以前は「今年中に」という表現にとどまっていたWindows 10の発売時期ですが、これでかなり時期が絞り込まれたことになります。おそらく、北半球で一般的に「夏」と認識される7~8月頃には、巷に出てくるのでしょう。欧米で学校の新学期が始まる9月には、何とか間に合わせたい…という思惑も見えてきます。
現在のWindowsの言語別のユーザー数を考慮すれば、111言語の中に日本語が含まれていない可能性は限りなく低いと言えます。日本でも、Windows 10はこの夏の話題の一つになりそうです。
しかし、現在の状況を見ると、本当にそんなスケジュールで間に合うのか?と疑問を感じざるを得ません。もっと率直に言うのなら、無謀とすら思えます。
7~8月頃にWindows 10をプリインストールした製品が店頭に並べられるためには、その数ヶ月前には製品版(RTM)として確定し、生産工程に回されなくてはなりません。逆算すると、そろそろOSそのものはほぼ仕上がっていなくてはならない…ということになります。
以前のWindowsなら、発売から半年を切ったこの時期には、一通りの機能が実装されたパブリックベータ版が広く公開されていました。しかし、現在私たちの手元にあるのは、どう見ても「作りかけ」としか思えないTechnical Preview版。1月下旬に公開されて以来、細かい不具合の修正こそいくつかあったようですが、OSとしての完成度には全く進展がありません。

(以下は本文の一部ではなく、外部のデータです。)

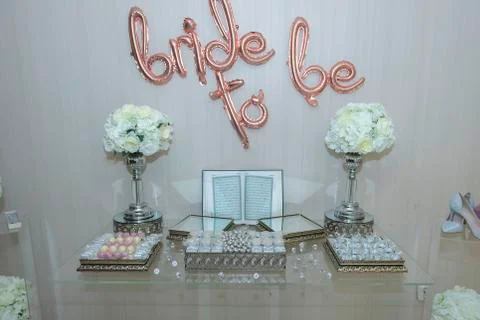 Wedding table bride to be  balloon in wedding day Foto stock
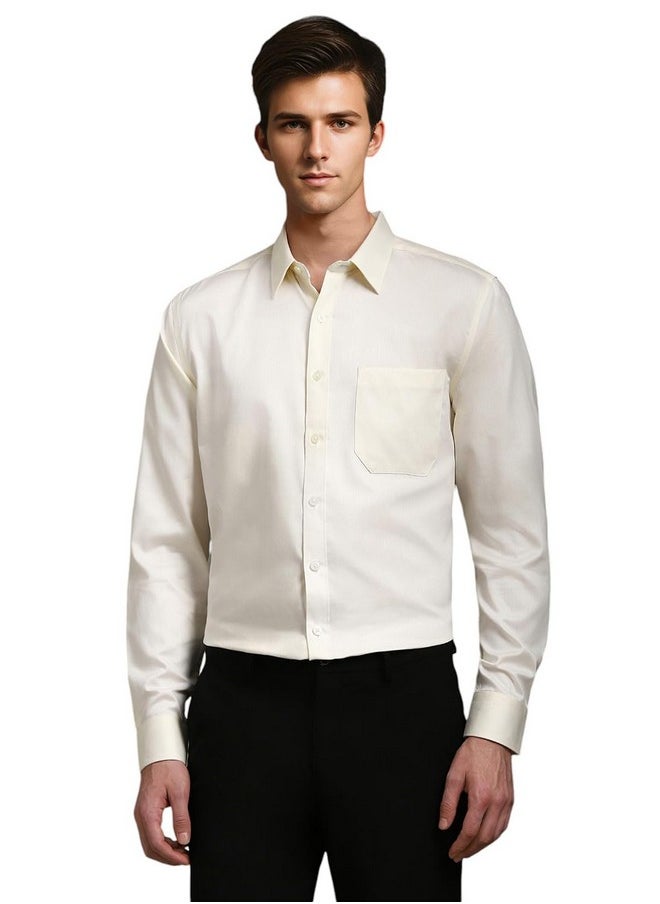 LOUIS PHILIPPE - Louis Philippe Men's Solid Slim Fit Shirt (LPSFMSLPV48973_Light Yellow - Image 1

一つ確信が持てるのは、現時点でベータ版すら提供されていない「パーソナルアシスタント」・Cortana(こるたな)の日本語版は、製品版のデビューに間に合わないだろう…ということ。Windowsでは、画面上に表示されるテキストについては多国語版を同時に開発しているらしいのですが、音声認識が肝になるというこの機能には、どうしても言語の壁が立ちはだかるはずです。
最も恐れているのは、Cortanaに限らず、この「出来損ない」の状態のままでWindows 10が製品版として登場してしまうことです。あらゆるサイズのデバイスで共通のプラットフォームにしたい…というWindows 10の思想自体は、実現できるのなら理想的だと思うのですが、中途半端な状態で出てきては、Windows VistaやWindows 8のように「失敗作」の烙印を押されかねません。ただでさえ他のOSに存在を脅かされつつある状況で、これは致命的です。
時間的に間に合う方法があるとすれば、夏のギリギリまで開発・熟成を進め、プリインストールされた商品を送り出す前にネットワーク経由でのアップデートを始めてしまうことでしょうか。これなら、モノを用意する必要がないので、それほど手間がかかりません。また、既存のWindows 7/8.1ユーザーの移行を早められるかも知れません。すでにこれらのユーザーには無償で提供することが決まっているわけですしね。
現在プレビュー版を使っているユーザーに対しても、「8月xx日から順次製品版に置き換わります」…なんて言えるのならカッコいいんですが、そこまでMicrosoft社が腹をくくってくれるのか。それは非常に困難な気がしますが…まあ、しばらくは様子を見ましょう。とりあえずは、できるだけ早く新しいビルドを一般公開して、私たちを少しは安心させてほしいものです。